| People ex rel. Hemphill v McCardle |
| 2015 NY Slip Op 52043(U) [57 Misc 3d 1213(A)] |
| Decided on March 13, 2015 |
| Supreme Court, Jefferson County |
| McClusky, J. |
| Published by New York State Law Reporting Bureau pursuant to Judiciary Law § 431. |
| As corrected in part through November 1, 2017; it will not be published in the printed Official Reports. |
The People of the
State of New York ex rel. John Hemphill, Petitioner, For a Judgment Pursuant to Article 70 of
the Civil Practice Law and Rules,
against Barry McCardle, Superintendent Watertown Correctional Facility, Anthony J. Annucci NYS DOCCS, Respondent. |
Petitioner John Hemphill is presently serving five indeterminate sentences of 25 years to Life for convictions for two counts of Robbery 1st degree, one count of Robbery 2nd degree, one [*2]count of Assault 2nd degree and one count of Criminal Possession of a Weapon 2nd degree, all running concurrently with one another, having been sentenced as a persistent violent felony offender by the Supreme Court, New York County on September 9, 1993 for crimes committed on January 16, 1992. At the time the crimes resulting in the 1993 conviction were committed the Petitioner was serving an indeterminate sentence of ten to twenty years for one count of a 1976 Robbery 1st degree conviction. These sentences ran consecutively by operation of law.

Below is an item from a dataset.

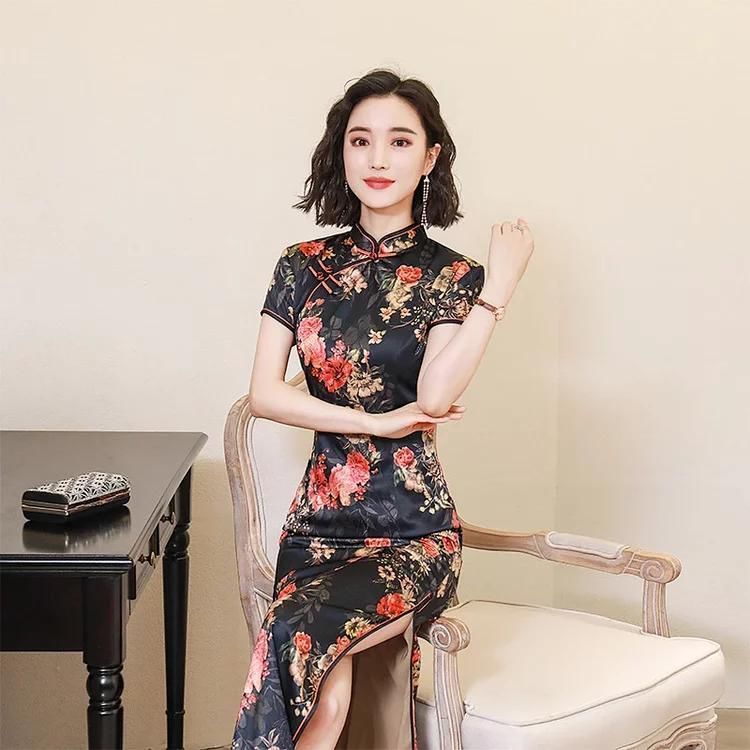 纺织界|完美演绎旗袍之家,改良双层香云纱旗袍!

In January of 2015, Petitioner filed this petition for a writ of habeas corpus, pursuant to Article 70 of the CPLR, on the grounds that the New York State Department of Corrections and Community Service did not have a proper mandate for the Petitioners incarceration, that he was never indicted on the charges underlying his 1993 convictions, and that he should not have been sentenced as a persistent violent felony offender.

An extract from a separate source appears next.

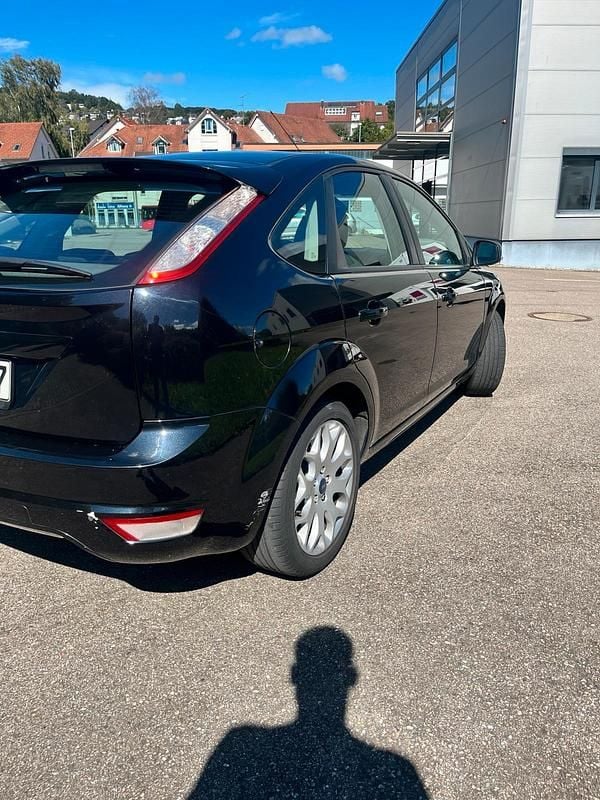 Gebraucht Ford Focus 125 PS (91 kW) 2008 Schwarz Limousine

The Respondent attaches to his Answer and Return both the 1976 Sentence and Commitment and the five Amended Sentence and Commitments for the 1993 convictions, by which Respondent is bound.
All of Petitioner's remaining allegations are properly the subject of a direct appeal or a CPL §440 motion. It is noted that the Petitioner did in fact challenge his conviction in People v Hemphill, 247 AD2d 339 (1st Dept 1998).
The proper remedy would be to grant Petitioner a new trial or a new appeal, and Respondent correctly asserts that since the Petitioner is not entitled to an immediate release from custody, the remedy of habeas corpus is not available. People ex rel. Mendolia v Superintendent 47 NY2d 779; People ex rel. Jose Roman v Thomas J. Higgins 186 AD2d 1044 (4th Dept 1992).
Thus, Petitioner's application for a writ of habeas corpus is hereby denied.